Bosphorus Film Festival to focus on refugee crisis
- Life
- Anadolu Agency
- Published Date: 12:00 | 09 November 2017
- Modified Date: 05:43 | 09 November 2017
The fifth International Bosphorous Film Festival from Nov.17-26 will focus on the refugee crisis, according to its website on Thursday.
A new category 'A Long March' was added to the festival program in an attempt to raise awareness on the refugee crisis, the festival's organizer Ogün Sanlıer said in press conference in Istanbul earlier this week.
Eight films; three feature films and five short films, focusing entirely on the refugee crisis will compete for the category.
Bosnian film director Aida Begic's 'Never Leave Me', which tells the story of three children who fled the war in Syria and sought refuge in southeastern Turkey, will premiere at the festival.
Begic will attend the film screening and take questions from the audience.
Jupiter's Moon by Hungarian filmmaker Kornel Mundruczo will also compete for the category. It tells the journey of a 19-year-old Syrian girl and her father who are fleeing from Syria to Hungary.
The 'Taste of Cement' is a documentary about Syrian construction workers in Beirut, who are building skyscrapers while their houses back home are being bombed.

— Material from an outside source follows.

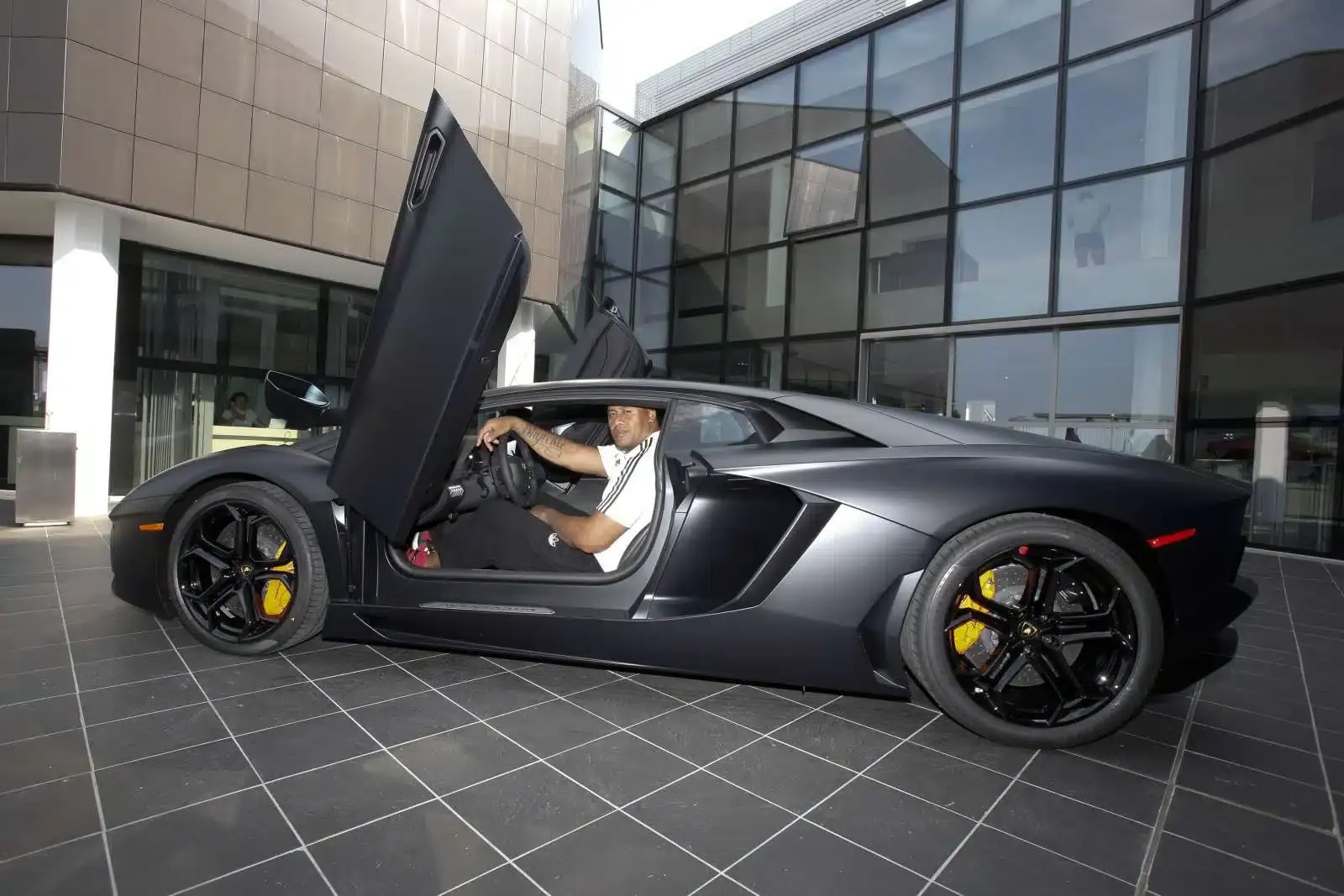 jonah lomu in the driving seat of the new lamborghini aventador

'Bunkers' is a documentary on the living conditions of asylum-seekers in underground nuclear bunkers in Switzerland.
'Snack Bar', a documentary, tells the story of a Greek family running a snack bar on the Greek island of Lesbos.

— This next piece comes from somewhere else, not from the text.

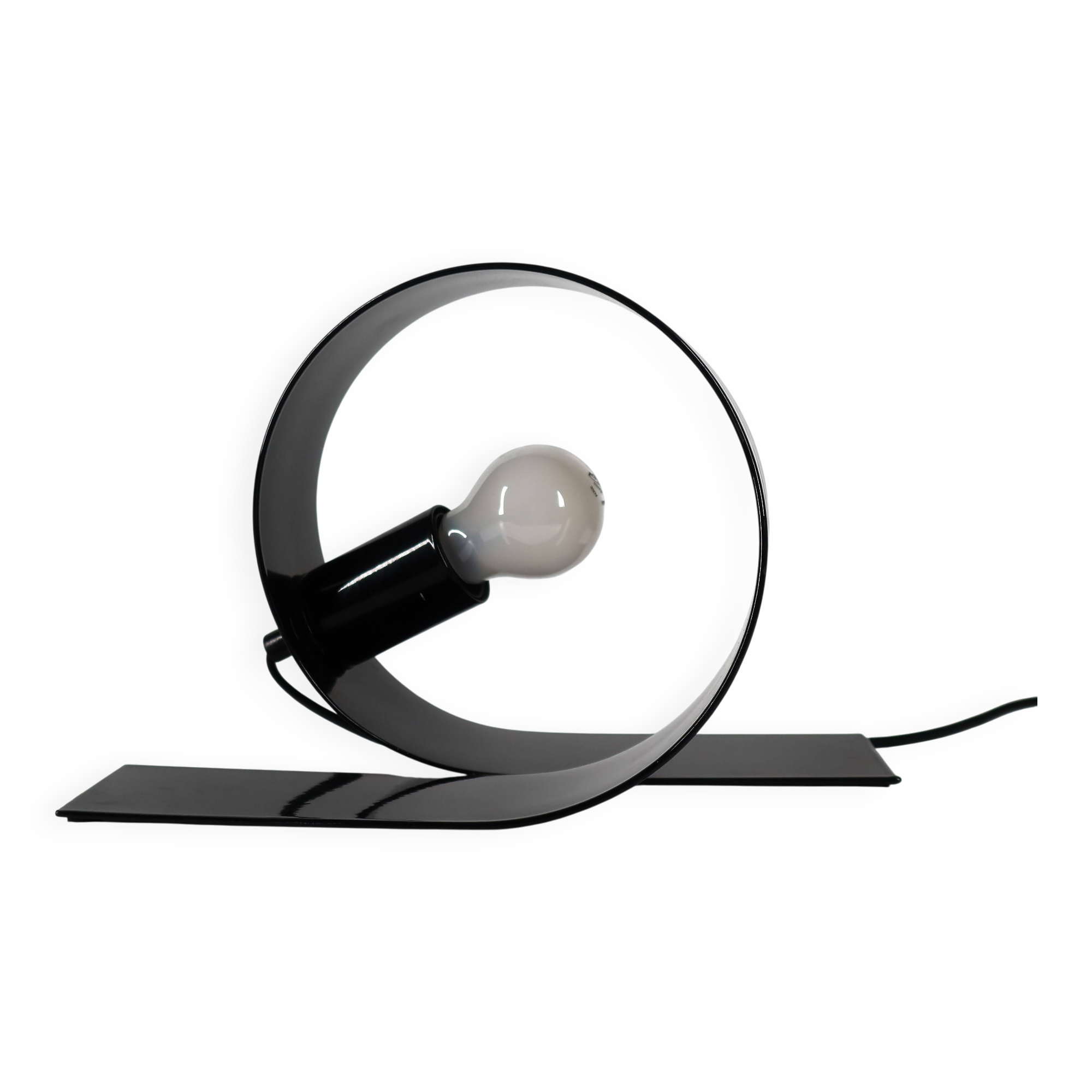 Massive Looping Table Lamp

'Mustafa -- the Imam of Lesvos' is a documentary based on the life of an Egyptian refugee.
The '8th Continent' tells the story of the only resident on the Greek Lesbos Island, which is overflowing with thousands of life jackets left behind by refugees.
The 'Nightshade' documents the life of a child Tarık, who is helping his father to illegally transfer migrants to the Netherlands.
The festival will screen 107 movies from 39 countries.